Articulation of Health and Human Rights Approach

From 1997, onwards, Rights and Humanity articulated the health and human rights arguments for combating violence against women and overcoming such cultural practices as FGC.


Violence against women and FGC have many immediate and long term health consequences, including the risk of death. Emphasising the health consequences for women and girls formed the basis of many strategies to combat violence, particularly FGC. Addressing FGC through the lens of health can be a suitable strategy, particularly as FGC is a highly sensitive issue.

Rights and Humanity joined with many other human rights groups to argue that it was also essential to acknowledge that violence against women and FGC were violations of women’s human rights. This focused attention on the obligations that states have undertaken by ratifying international human rights instruments. Such an approach empowered women to appreciate that they are entitled to be free from violence and that girls had a right to be protected from FGC.

Rights and Humanity advocated combining these two approaches into “a health and human rights approach” to eradicating violence against women and FGC.

Violence Against Women: A Human Rights Concern
States are obliged by international law to provide legal protection of women’s rights. They must provide the legal and social environments in which all individuals can freely and equally enjoy their rights.

Until the 1990s, violence against women in general, and Female Genital Cutting in particular, were often considered to lie outside the scope of human rights. The World Conference on Human Rights, in Vienna, 1993, confirmed that violence against women was a human rights issue rather than simply a private matter.

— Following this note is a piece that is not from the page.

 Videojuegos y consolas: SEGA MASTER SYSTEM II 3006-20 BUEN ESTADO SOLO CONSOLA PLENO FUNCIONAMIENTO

This incontrovertibly brought violence against women and the practice of FGC within the scope of human rights.

The Convention on the Elimination of All Forms of Discrimination Against Women
States Parties shall take all appropriate measures:
“to modify the social and cultural patterns of conduct of men and women, with a view to achieving the elimination of prejudices and customary and all other practices which are based on the idea of the inferiority or the superiority of either of the sexes or on stereotyped roles for men and women.” (Article 5)

The Convention on the Rights of the Child obliges states to “take all effective and appropriate measures with a view to abolishing traditional practices prejudicial to the health of children.” (Article 24 (3))

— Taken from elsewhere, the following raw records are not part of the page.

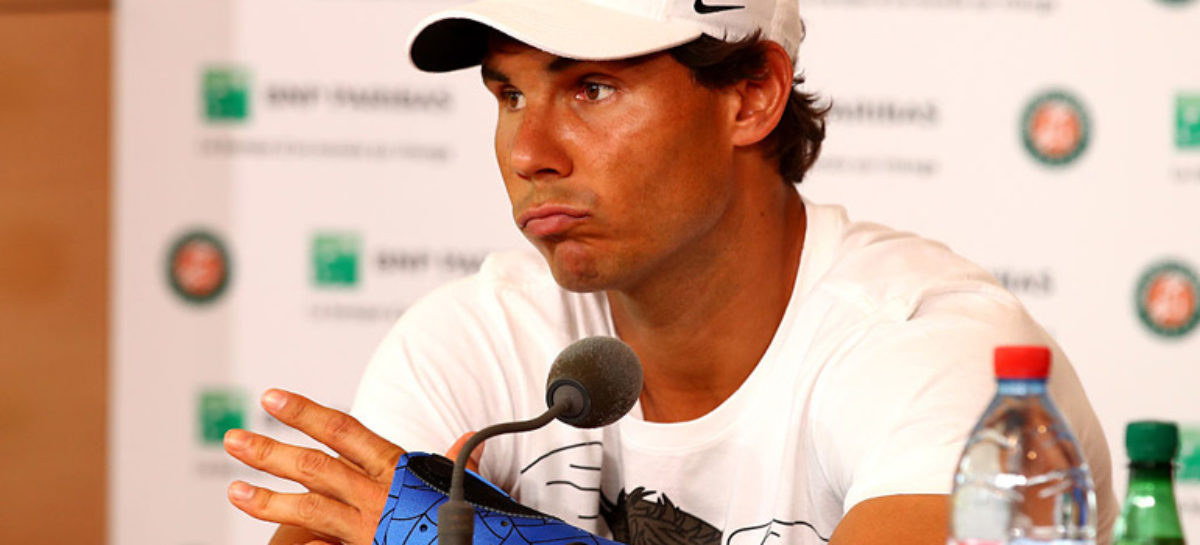 Nadal withdraws from French Open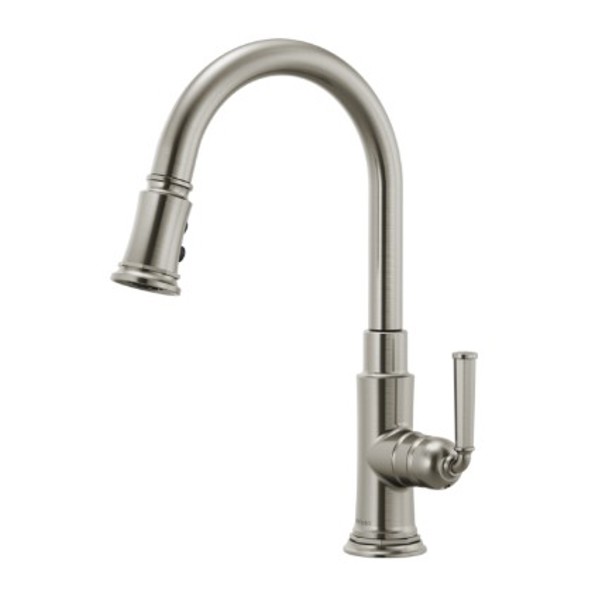 Delta Faucet 63074LF-SS Kitchen Pull Down Faucet Stainless Steel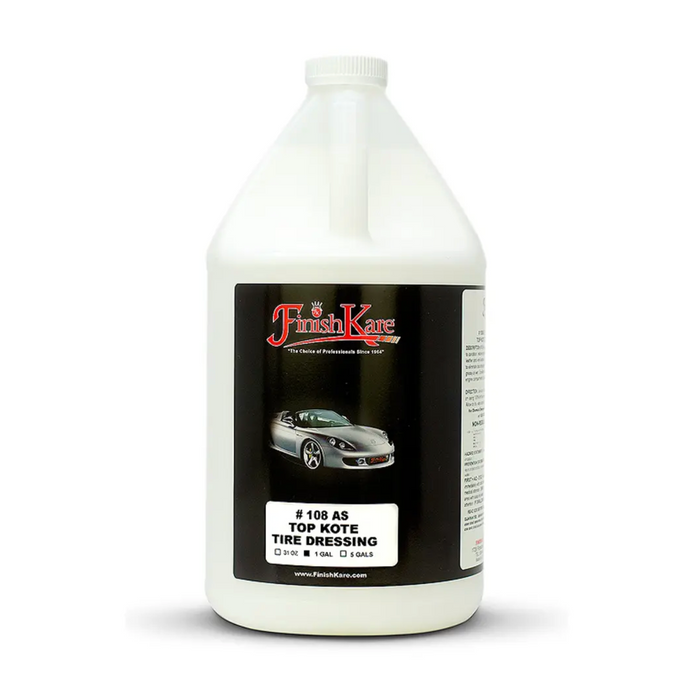 Finish Kare Top Kote Tyre Dressing
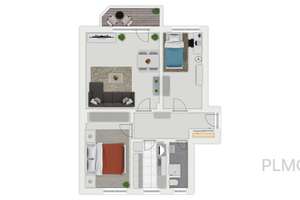 Nollendorfkiez: 70 m² - three full-sized rooms, west-facing balcony, available immediately – Die vollständige Adresse der Immobilie erhältst du vom Anbieter., 10777 Schöneberg, Berlin – Vorschaubild 15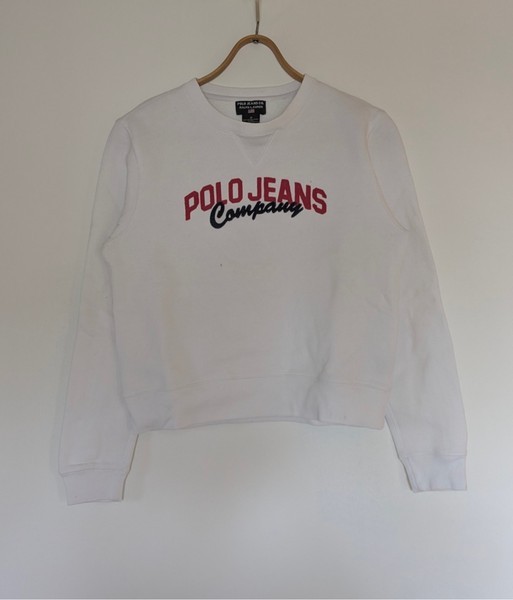 🤍 Polo Jeans Co. Ralph Lauren Sweatshirt – Women’s M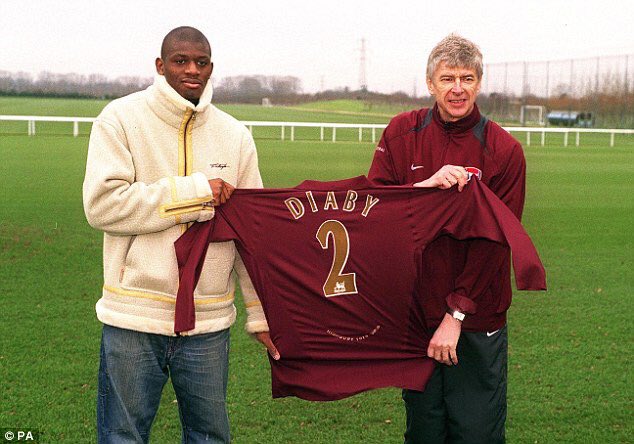 Happy 32nd birthday to ex-Arsenal midfielder Abou Diaby!  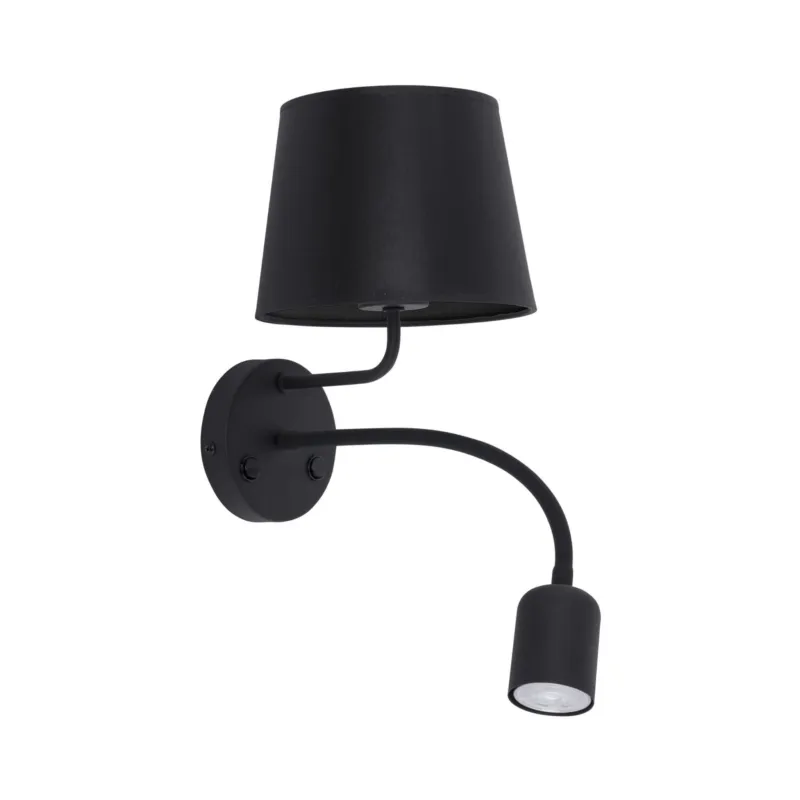 Szybka dostawa Kinkiet Maja Black 2x E27, GU10 - TK Lighting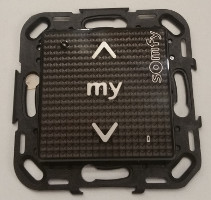 Somfy Smoove 1 IN io Black Shine Wandsender  - Bild 1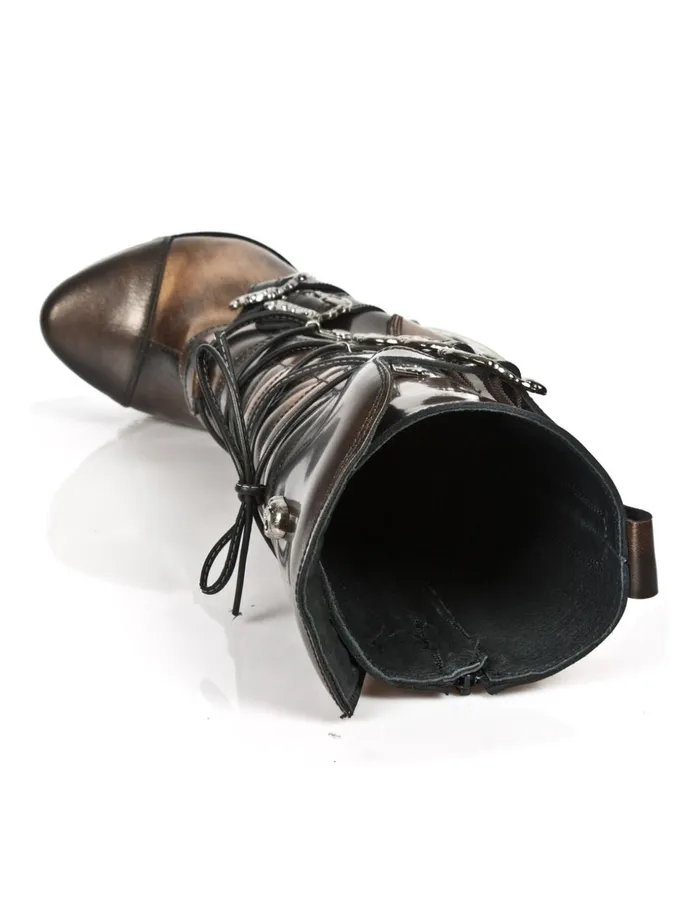Women Boot Punk MMag006C4 New Rock High Heels Women Boot Punk MMag006C4 New Rock High Heels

FGC violates the rights of girls and women to physical integrity and to the highest attainable standard of physical and mental health, and sometimes violates the right to life itself. The difficulties of eliminating FGC are exacerbated by the inadequacy of effective legal frameworks for the protection of women and girls from this violation of their human rights.

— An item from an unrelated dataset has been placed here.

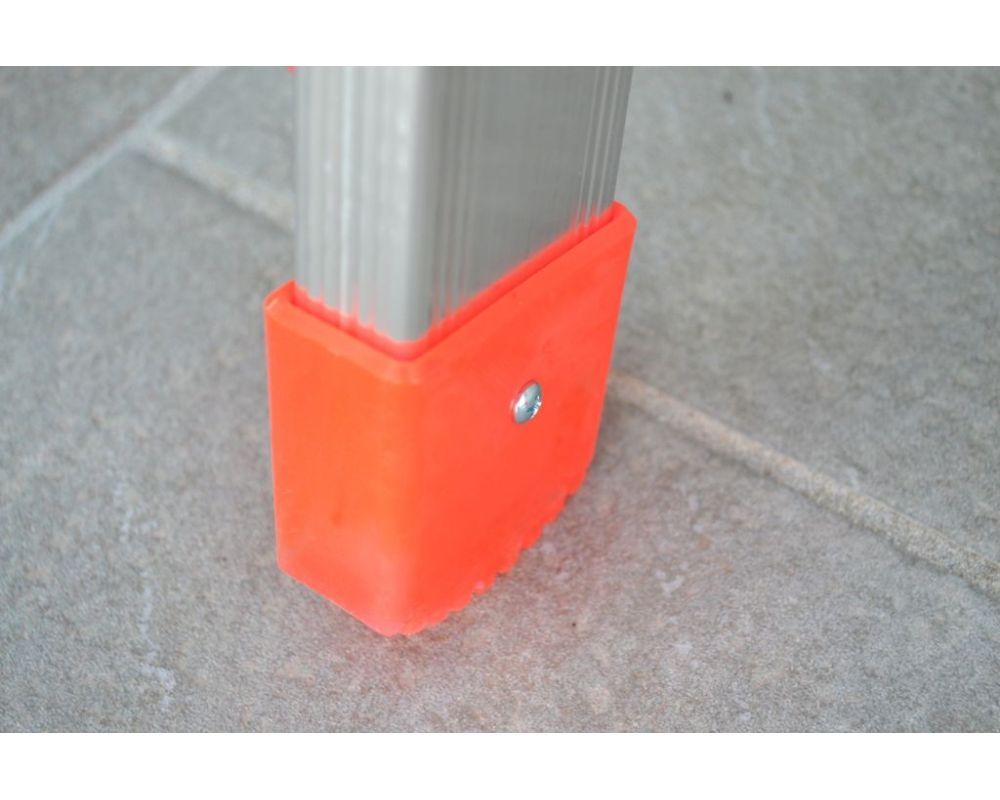 Tacco esterno arancio montante 60x25 mm per Marchetti OR1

However, rather than addressing violence against women and FGC solely as a human rights concern, Rights and Humanity advocated that a joint health and human rights approach be adopted. This combined the benefit of public awareness campaigns on the negative health consequences of all forms of violence with the legal protection of the rights of the girl child and women.

Rights and Humanity participated in many meetings and conferences to advocate this approach.